We have proposed the NIMLC clustering method that is based on neural network training. NIMLC is a generative clustering approach that relies on the IMLE generative methodology to perform clustering. The NIMLC brings ideas from the ClusterGAN algorithm into the IMLE framework to overcome some of the GAN deficiencies. The method is based on a simple training objective, does not suffer from training instabilities, and performs well on small datasets. Experimental comparison against several deep clustering methods and conventional clustering mathods illustrates the potential of the approach. A notable characteristic of the method is that, as shown in the experiments with synthetic data, it is able to cluster both cloud-shaped and ring-shaped data using the same hyperparameter setting.

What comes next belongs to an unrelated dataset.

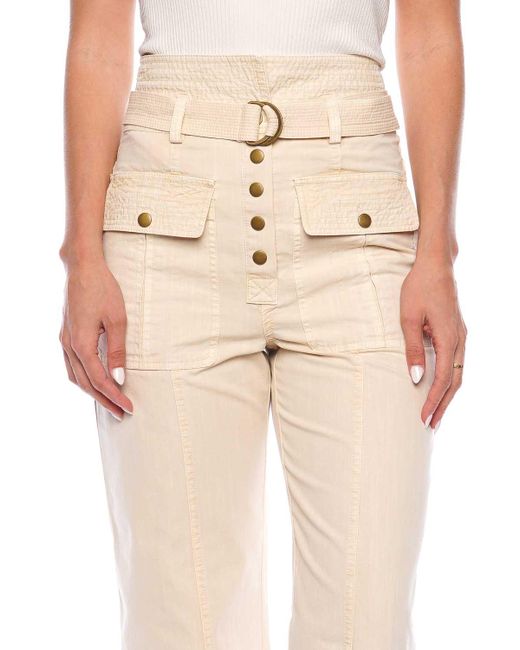 Ulla Johnson Oliver Belted High-rise Cotton-twill Trousers in Beige Slacks and Chinos Straight-leg trousers Natural Womens Clothing Trousers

Future research could focus on a more detailed experimental investigation of the performance of NIMLC and its use in real-world applications. Additionally, we aim to consider a modification of the method where the number of samples could vary at each epoch. In the same spirit, we could explore the possibility of adopting a self-paced approach similar to the one proposed in [59] for the online tuning of the parameter \(\Delta \sigma\). Finally, it is interesting to study how the NIMLC approach could be integrated into a general methodology for estimating the true number of clusters in the dataset.